There are many different ways to save for your retirement. Because of its tax benefits, a Registered Retirement Savings Plan (RRSP) is the preferred way to invest for many Canadians. However, non-registered investments and Tax-Free Savings Accounts (TFSAs) offer opportunities to save beyond your allowable RRSP contribution limit.
The maximum amount you can contribute to an RRSP annually is 18% of your prior year's qualifying earnings (up to an annual limit of $24,270 for the 2014 tax year), less any applicable pension adjustment, plus any unused RRSP contribution room from prior years and any pension adjustment reversal.
How much will I need to retire?
A CIBC advisor can help you determine how much you'll need. It's a matter of establishing the total income you'll require in retirement, estimating your annual expenses and considering other circumstances.
RRSPs and non-registered investments in your portfolio
RRSPs are held inside a plan registered with the government. Funds contributed to an RRSP are deductible from your taxable income within certain limits. All registered investments grow tax-deferred and funds may be invested in various investment products. Non-registered investments offer a way to save beyond the limited allowable amount you can invest in your RRSP or TFSA. Income earned from non-registered investments is taxable in the year it is earned.
An RRSP lets you put your money into your retirement plan, and save on taxes, too
Simply put, an RRSP is a registered savings plan that allows you to accumulate funds for retirement, while saving you taxes in two ways:
1. Tax savings now: RRSP contributions reduce your taxable income, which may result in a tax refund which you can, in turn, put back into your RRSP (if contribution room is available), or use to pay down debt.

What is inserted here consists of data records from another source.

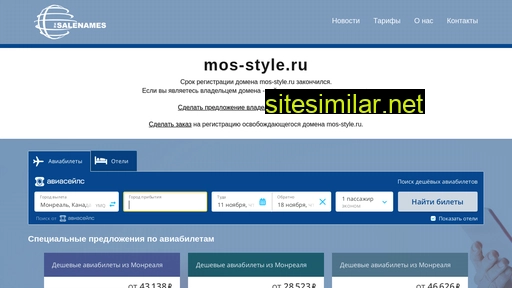 mos-style.ru alternative sites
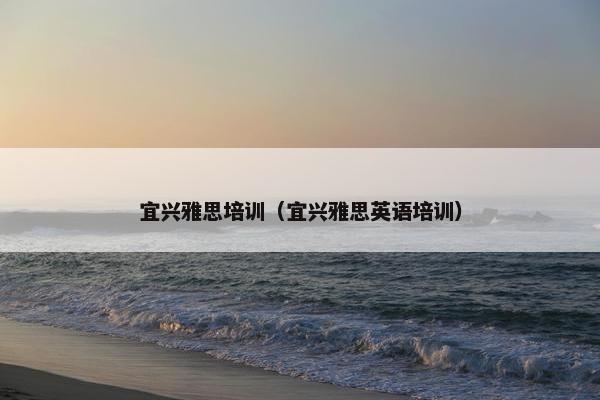 宜兴雅思培训（宜兴雅思英语培训）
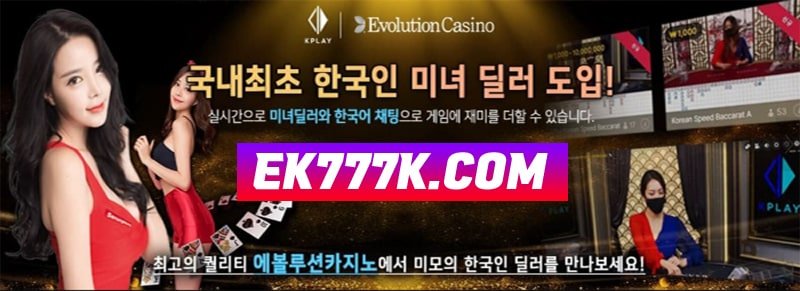 에볼루션카지노 나라 에볼루션코리아 승부벳 가입 에볼루션게임 에볼루션게이밍 에볼루션사이트 넷마블 주소 추천 에볼루션라이트닝 카지노사이트 토토사이트 온라인카지노 5 에볼루션카지노 한국정식 1위 업체 에볼루션카지노 나라 에볼루션코리아 승부벳 가입 에볼루션게임 에볼루션게이밍 에볼루션사이트 넷마블 주소 추천 에볼루션라이트닝 카지노사이트 토토사이트 온라인카지노 5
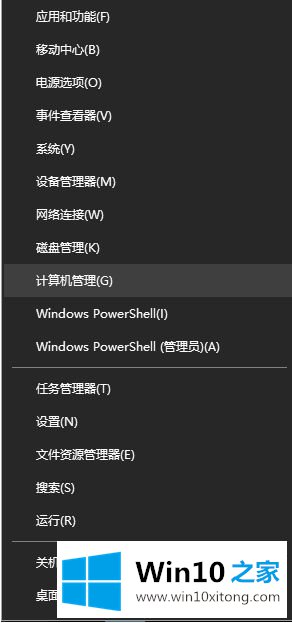 win10电脑下VMware虚拟机不能启动的完全处理手段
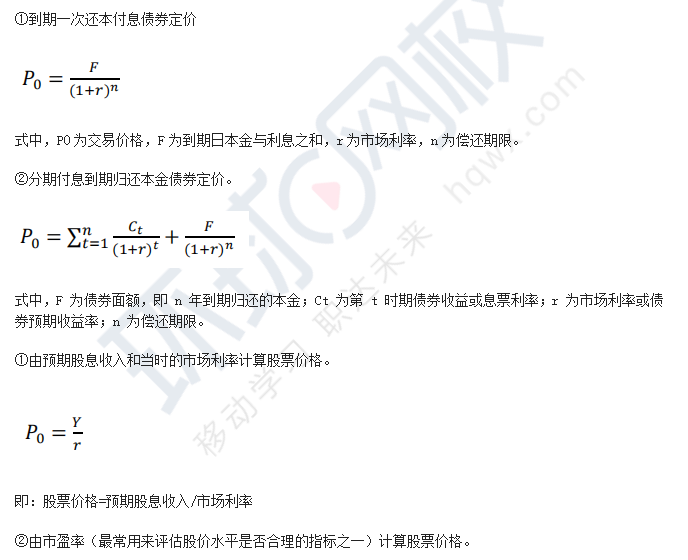 2022年中級(jí)經(jīng)濟(jì)師金融考試考點(diǎn)精華及練習(xí)題:利率與金融資產(chǎn)定價(jià)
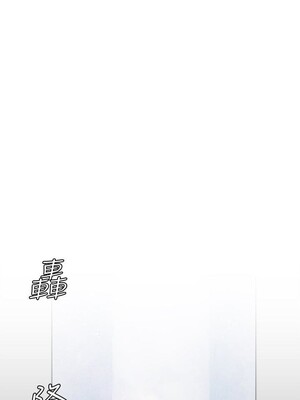 [韩漫][尹坤志 & 高孫志] 美麗新世界 1- 262話 [完結]_01847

2. Tax-sheltered growth: Investing in an RRSP has a much bigger impact on your savings than investing outside one because both the amount you contribute to your RRSP and the income it earns are sheltered from tax as long as the money stays in the plan. But remember, RRSP assets will be taxed when withdrawn from your plan at the marginal tax rate you're paying at that time.
An RRSP lets you invest more of your income
For example, if you're in a 40% tax bracket and set aside $5,000 of your gross income a year, you'll have just $3,000 after taxes to invest outside an RRSP. However, if you put that $5,000 into an RRSP, the full $5,000 goes towards your investment.
Retirement planning tips
An important part of planning for retirement is thinking about what you can do now to make sure you will achieve your personal and financial goals. Consider these tips to ensure you're doing all you can today, for a better retirement tomorrow.
- Have a retirement plan
- Use all of your RRSP contribution room
- Have an idea of the approximate rate of return on your total investment portfolio
- Consider a spousal RRSP as a means of splitting income and possibly saving taxes in retirement
Converting your RRSP into income
Tax rules require that you convert your RRSP into an investment income option by the end of the year you turn 71. There are several ways to do this. If you choose a Registered Retirement Income Fund (RRIF), your investments stay tax-sheltered. This means you pay taxes only on the amounts you receive each year. And the flexibility of a RRIF means you can personalize how you get your income, in order to meet your individual needs.